Read Reading is one of my favorite vices.  This summer I've finally finished the Harry Potter series (more later on that) and am starting on a few education-related books: Gardner's multiple intelligences, Montessori's theory of education, and Horace's Compromise about the state of modern American high schools.  I also have some fluff: The Boelyn Inheritance (which, like its predecessor, I bought because I was stuck in an airport with nothing to read) and a book about wallpaper design I picked up in Paris.  (Hey, I said it was fluff.)  And I am partway through Shop Class as Soulcraft, an incredible book about the value of manual labor by a guy who got a doctorate in philosophy and then decided to open a motorcycle repair shop.

Play For a music teacher, I don't play often enough.  Joplin is good summer music, so I'm working on a couple of pieces -- some I've played before, and one is relatively new.  For feel-good music, it's pretty tough!  I was also selected to be part of an Orthodox chamber choir, so I have some tough parts to learn.  I'm hoping my voice-teacher friend will help me with my breathing, which Rachmanianoff apparently thought was unnecessary for second sopranos.

Draw As an architecture student, I was forced into two semesters of drawing; after complaining loudly for several weeks, I discovered I actually liked it, and I wasn't half bad.  Recently I discovered a sheaf of them in my basement.  Vine charcoal and newsprint weren't exactly archival materials, so they're crumbling into nothingness, but they made me want to try again.  (I have a willing model in my gorgeous husband, whose Blue Steel is almost as hot as his Le Tigre.)

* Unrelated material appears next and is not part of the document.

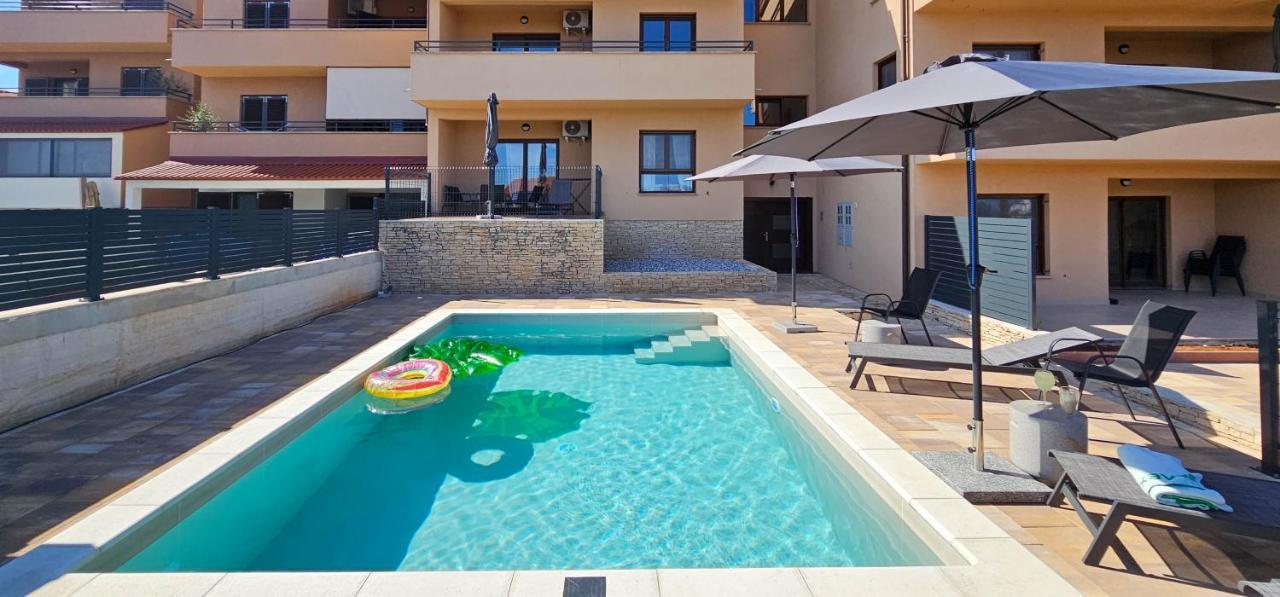Apartment Bluemare B3 With Shared Pool Ližnjan Eksteriør bilde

Cook When we travel, I get out of the routine of cooking for myself, and it takes some time to remember how much I love it.  What kicked me back into gear this time was a wedding gift I designed for a dear friend: a cookbook comprised of recipes I've made many times over the years, basic crowd-pleasers that it's hard to screw up.  One of my bridesmaids gave me a similar wedding gift, and it was so meaningful because it felt like a real piece of her own home.  Cooking is the first thing to go when I'm stressed, which is ironic, because the simplest act -- chopping vegetables and arranging them in a salad bowl -- is so calming.  Rod Dreher has a great piece up at Front Porch Republic about the theosis of seafood gumbo (inspired by the aforementioned Shop Class, which is the subject of a current e-symposium there.)

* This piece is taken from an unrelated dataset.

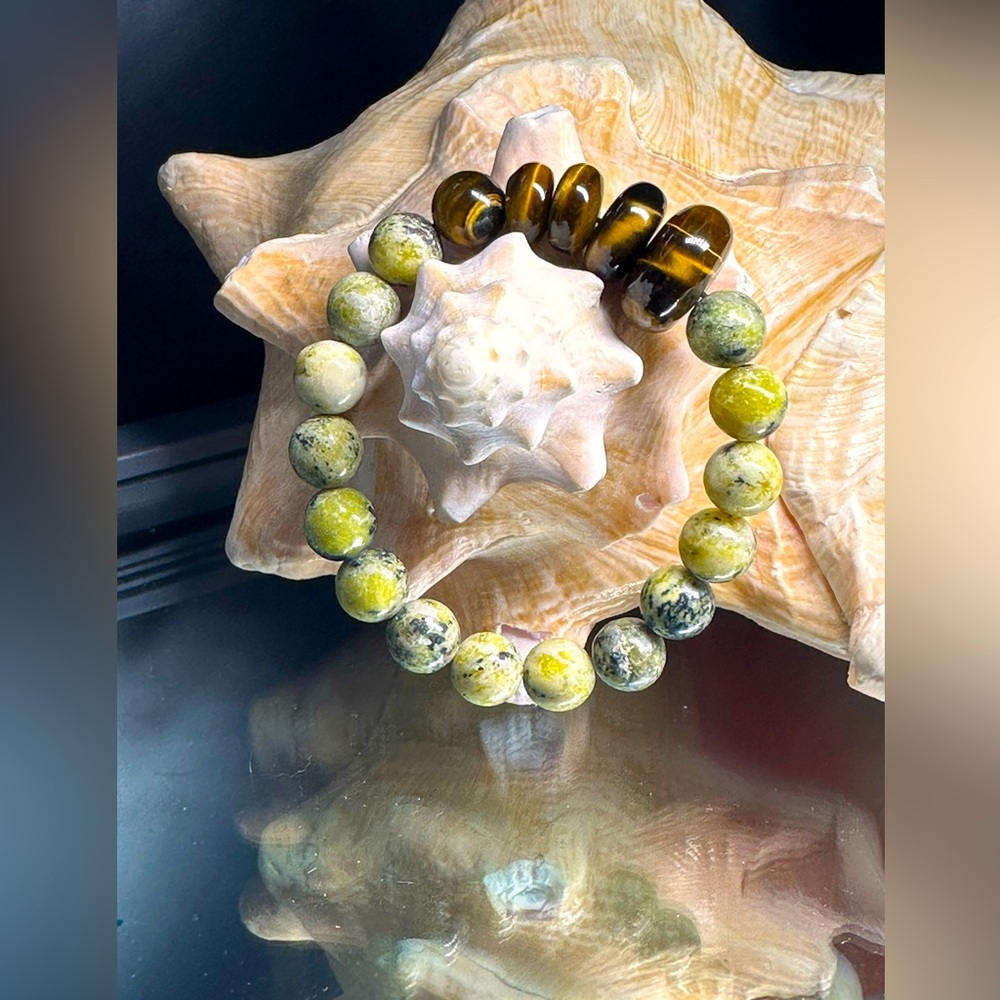 YELLOW GRASS TURQUOISE + TIGERS NATURAL BRACELET size 7”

Work I have to do a little of this to keep me accountable; I don't do well with a total lack of structure.  Most of my piano students cut back to biweekly lessons during the summer, and I cram them all into one day so that I can put away my materials and have a "normal" living room for the rest of the week.  I also do a lot more SAT tutoring during the summer.  This year I have my first two male students, references from the community of the girls' school where I teach, and I have to say it is SUCH a treat to teach boys.  Less drama, more gravity.  And the really fun part: I'm assisting at a Music Mind Games course in order to get enough experience to teach at workshops myself!  Very exciting.  I'm also involved with the Teachers' Committee, where I keep track of who's taken training where and occasionally blog about my experiences with MMG.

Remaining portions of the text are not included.